DANS MON LIVRE A MOI...
– Criss! Ne me chantez pas de bêtises, tonna le surintendant Lebon, elle est morte après l'injection!
L'infirmière Anna Charest n'en démordait pas. Elle avait vérifié la glycémie capillaire de sa patiente, administré 8 unités d'insuline, conformément au protocole établi par le médecin. Elle
vérifiait toujours scrupuleusement le nom, la date de péremption des produits et n'avait pas dérogé à cette règle stricte ce jour-là. Elle n'avait pas fait d'erreur, elle en était sûre.
– Erreur ou meurtre, pensa le surintendant, des infirmières tueuses qui décident d'abréger les souffrances de leurs patients, ça s'est déjà vu!
La victime, Charlotte Ladouceur, avait été retrouvée sans vie le soir du réveillon. L'autopsie avait conclu à un coma hypoglycémique ayant entrainé la mort. Le
surintendant avait alors passé la vie de l'infirmière au peigne fin: jeune femme de trente ans, vie sentimentale stable, une rigueur parfaite dans son travail, des soins de qualité. Les patients
l'adoraient et les médecins avec qui elle avait travaillé la jugeaient irréprochable, très professionnelle, avec une solide expérience. Jusqu'à ce 24 décembre où elle avait commis sa première
faute! Mais était-ce vraiment une faute, ou avait-elle tué volontairement la vieille dame? Pourquoi? Quel bénéfice en retirait-elle? Pas financier en tout cas! Rien en sa faveur dans le testament
et pas grand chose pour les proches d'ailleurs. Charlotte Ladouceur n'était pas bien riche. Alors quoi?
Le surintendant retournait toutes ces questions dans sa tête. Il ne pouvait imaginer Anna Charest meurtrière et une erreur de dosage aussi énorme lui paraissait improbable chez une
professionnelle qualifiée. Quelque chose lui échappait, un détail infime, une expression fugace, à peine apercue, aussitôt enfuie sans qu'il ait eu le temps de l'intercepter, quelque chose
qu'elle cacherait? Ou que quelqu'un de la famille dissimulerait...!
– Je vais pas me râper le gros nerf à bégotter tout seul, murmura-t-il, je vais prendre un respir.

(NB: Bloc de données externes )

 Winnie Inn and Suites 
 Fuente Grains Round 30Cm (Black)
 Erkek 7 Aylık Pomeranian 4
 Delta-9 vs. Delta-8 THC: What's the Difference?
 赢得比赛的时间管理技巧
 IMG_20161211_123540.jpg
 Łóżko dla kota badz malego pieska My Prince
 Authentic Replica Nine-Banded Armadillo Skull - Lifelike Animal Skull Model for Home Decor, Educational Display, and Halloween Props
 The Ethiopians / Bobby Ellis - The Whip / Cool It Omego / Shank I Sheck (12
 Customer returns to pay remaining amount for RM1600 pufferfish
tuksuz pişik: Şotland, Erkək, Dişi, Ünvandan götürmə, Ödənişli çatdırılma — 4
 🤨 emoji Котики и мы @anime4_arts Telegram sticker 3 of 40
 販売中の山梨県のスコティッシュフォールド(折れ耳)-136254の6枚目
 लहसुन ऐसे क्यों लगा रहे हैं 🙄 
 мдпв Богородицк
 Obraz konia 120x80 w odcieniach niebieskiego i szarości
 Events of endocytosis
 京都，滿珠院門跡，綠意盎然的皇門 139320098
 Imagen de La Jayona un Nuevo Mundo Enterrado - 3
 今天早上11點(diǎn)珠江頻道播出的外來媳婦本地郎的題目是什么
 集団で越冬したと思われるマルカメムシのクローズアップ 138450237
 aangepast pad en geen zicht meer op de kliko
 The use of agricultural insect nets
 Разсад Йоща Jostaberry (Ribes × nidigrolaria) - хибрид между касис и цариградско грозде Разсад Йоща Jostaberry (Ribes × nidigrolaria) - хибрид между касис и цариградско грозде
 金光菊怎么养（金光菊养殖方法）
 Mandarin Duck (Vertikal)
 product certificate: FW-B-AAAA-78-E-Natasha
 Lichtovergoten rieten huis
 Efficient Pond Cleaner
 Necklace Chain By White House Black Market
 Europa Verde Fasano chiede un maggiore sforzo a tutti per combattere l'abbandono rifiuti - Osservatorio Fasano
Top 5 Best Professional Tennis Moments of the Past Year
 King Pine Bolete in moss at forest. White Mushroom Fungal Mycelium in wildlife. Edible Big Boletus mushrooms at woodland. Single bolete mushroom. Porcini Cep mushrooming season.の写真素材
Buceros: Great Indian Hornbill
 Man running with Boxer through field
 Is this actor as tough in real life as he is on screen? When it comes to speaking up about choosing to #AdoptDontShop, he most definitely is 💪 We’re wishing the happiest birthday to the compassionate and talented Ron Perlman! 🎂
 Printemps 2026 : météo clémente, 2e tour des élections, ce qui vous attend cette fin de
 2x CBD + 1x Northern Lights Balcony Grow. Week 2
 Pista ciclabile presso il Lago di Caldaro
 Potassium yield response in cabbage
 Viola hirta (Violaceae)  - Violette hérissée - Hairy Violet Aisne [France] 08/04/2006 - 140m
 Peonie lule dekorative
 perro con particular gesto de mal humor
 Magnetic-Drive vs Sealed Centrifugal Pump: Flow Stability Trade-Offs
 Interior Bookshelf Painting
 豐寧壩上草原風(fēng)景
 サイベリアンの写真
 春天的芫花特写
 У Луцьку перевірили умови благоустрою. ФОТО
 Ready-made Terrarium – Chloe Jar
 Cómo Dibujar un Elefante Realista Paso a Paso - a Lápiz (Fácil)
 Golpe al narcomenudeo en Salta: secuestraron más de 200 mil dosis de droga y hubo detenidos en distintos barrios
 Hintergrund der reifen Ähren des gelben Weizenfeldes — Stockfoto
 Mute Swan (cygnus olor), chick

Il enfila sa veste et sortit.
S'éloigner de la ville, longer l'Outaouais en laissant vagabonder ses idées lui avait souvent permis de résoudre ses enquêtes. Les mains enfouies dans ses
poches, il écoutait le doux crissement de la neige sous ses pas. Le soleil pâle déclinait, laissant des reflets bleus grandir dans la blancheur poudrée. Les fenêtres commençaient à s'éclairer,
réchauffant le froid paysage de leurs lumières orangées. Il se remémora une scène avec la famille de la défunte. C'était dans le salon où un feu de cheminée jouait avec les ombres. La pièce lui
avait paru intime et chaleureuse avec ses canapés moelleux et son tapis de laine claire. Une lampe rose éclairait les visages de douceur.
Hélène, jolie femme d'une quarantaine d'années servait le thé. Mélissa, sa fille âgée de quinze ans, feuilletait un cahier. Le cousin, Pascal, parlait. Que disait-il? Se rappeller les paroles
exactes, il y avait peut-être quelque chose d'important...
– J'ai pas de porte de derrière, je parle sans détour. Dans mon livre à moi, c'est Mademoiselle Charest qui s'est trompée de dose.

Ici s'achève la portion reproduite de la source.